I also find it more than a coincidence that the recent housing price bubble was primarily concentrated in the same places–mainly on the coasts–where the “dot.com” bubble also had its greatest impacts.
If housing supply limits caused by Smart Growth and New Urbanism were to blame, I’d expect some significant run-up in average rents; this DID NOT occur, however.
Smart growth builds oodles of tackey litte apartments and condos to save valuable farmland so that we can pay farmers to not grow crops on said land.
But people want houses which are in short supply due to reserving land to not grow crops on.
Thanks
JK
msetty,
As I said in the post, if you read page 11 of my full report on this, you would know that easy mortgage money did not cause much of the run-up in prices. From 2000 to 2005, cities with little or no growth-management planning saw housing prices increase by 1 to 3 percent per year. Cities with lots of growth-management planning saw prices increase by 5 to 14 percent per year.

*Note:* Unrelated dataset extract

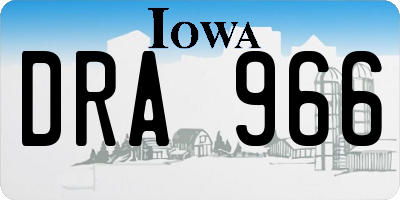 IA license plate DRA966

Since “normal” price increases have been about 1 percent per year, low interest rates were responsible for no more than 20 to 40 percent of the price increases we saw.
Growth management has to do with folks saying ‘the problems associated with fast growth are affecting our QOL – what are you going to do about it?’ and the politicans responding.
The fast growth is due to all those micro factors that Glaeser et al. talk about but some here gloss over.